Product matching needs domain extraction + LLM. Domain extraction gets 393/1081 model matches for free on electronics. LLM scoring handles the borderline pairs.
More candidates can hurt. Adding candidate sources (domain extraction, token normalization, manufacturer blocking) helps electronics but hurts software matching. Keep the candidate set clean for domains without precise identifiers.
Blocking key choice dominates performance.
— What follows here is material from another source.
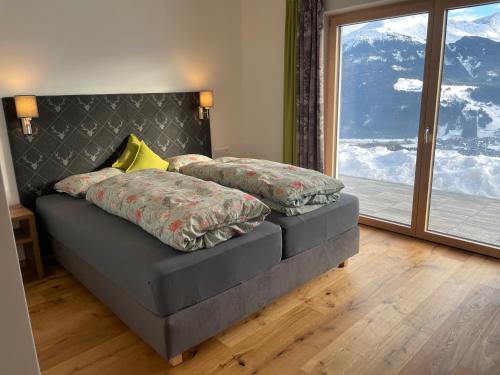 米特西尔Ferienwohnung Traumblick -Familie Seber的一间卧室设有一张床和一个大窗户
A coarse blocking key (state) makes 100K fuzzy matching 30x slower than a fine key (zip + soundex).
PPRL auto-config beats manual tuning. 92.4% F1 vs 89.8% on FEBRL4, with zero manual configuration.
4 PPRL fields beats 6. Fewer, higher-quality fields reduce noise in bloom filter comparison.